Doch zurück zur Freiheitsfrage. Diese kann parallel zur moralischen Entwicklung betrachtet und positioniert werden! War im Anfangsstadium beim Durchschnittsmenschen noch der reine Naturtrieb handlungsleitend, so rückte das Motiv im Laufe der Zeit immer näher ins Zentrum jedes einzelnen Menschen. Das Gewissen ist sozusagen schon näher an den innersten Kern menschlicher Moral herangerückt. Die Frage bleibt noch unbeantwortet, ob es dort – also quasi am Ziel der Entwicklung – schon angelangt ist, oder ob es noch etwas „Luft nach oben hat“? Wenn ja, dann gibt es (noch) keine wirkliche Freiheit im alltäglichen „Normalzustand“. Dies wäre ein Zustand dieser „oberen Luft“, der erst noch errungen werden muss: also eine Zukunftsidee.
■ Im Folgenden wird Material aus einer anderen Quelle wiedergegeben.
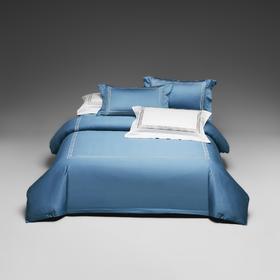 丝境高密床品六件套 RESONG日诵家居 全棉纯棉床品床单被套被罩礼品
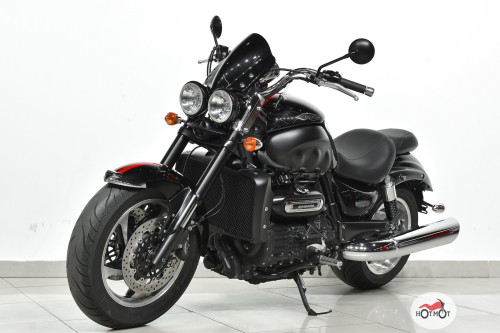 Мотоцикл TRIUMPH Rocket III 2015, Черный фото 2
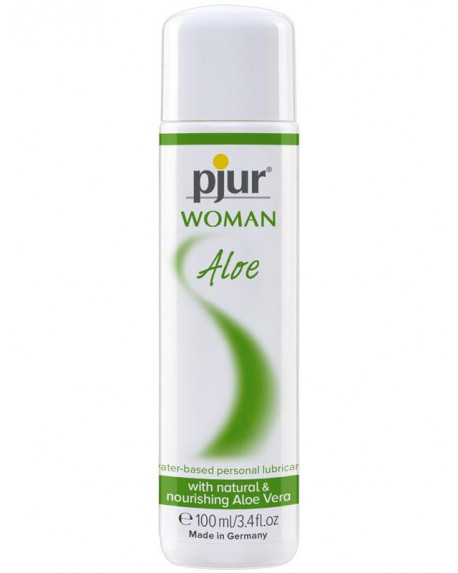 Pjur Woman - Lubrificante a Base d'acqua 100ml Aloe Vera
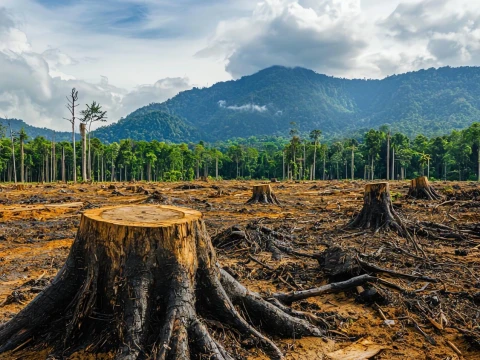 deforestasi-indonesia-dan-krisis-ekologi:-tafsir-al-qur’an-tentang-kerusakan-alam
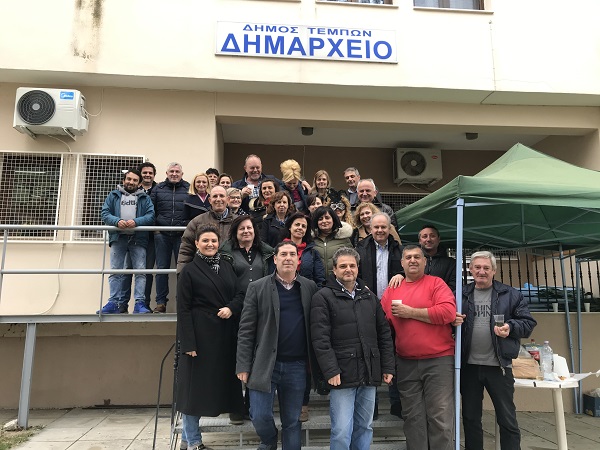 ΣΕ ΡΥΘΜΟ «ΤΣΙΚΝΟΠΕΜΠΤΗΣ» ΟΙ ΥΠΑΛΛΗΛΟΙ ΤΟΥ ΔΗΜΟΥ ΤΕΜΠΩΝ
Selbst das Gewissen bleibt im Alltagsmodus noch von rein persönlichen Faktoren und Erlebnissen abhängig. Während der Naturtrieb noch nichts mit unseren wahrhaft individuellen Impulsen zu tun hat, sondern naturgemäß einem instinktiven, automatisierten Trieb folgt, ist das Gewissen doch schon viel individueller geworden. Aber es hängt immer noch an vielen äußeren und inneren (also unfreien) Faktoren. Da wäre zum Beispiel die religiöse Erziehung als Richtschnur anzusehen, die unser Leben bestimmt oder schon in frühem Alter imprägniert wurde. Je nach den persönlichen und/oder fremden Glaubenssätzen ändern sich die Kriterien des „Bösen“, die durch dieses Gewissen definiert werden, in ganz unterschiedliche Richtungen: siehe christliche Moral versus islamische Moral, jüdische Moral versus buddhistische Leitbilder usw. usf.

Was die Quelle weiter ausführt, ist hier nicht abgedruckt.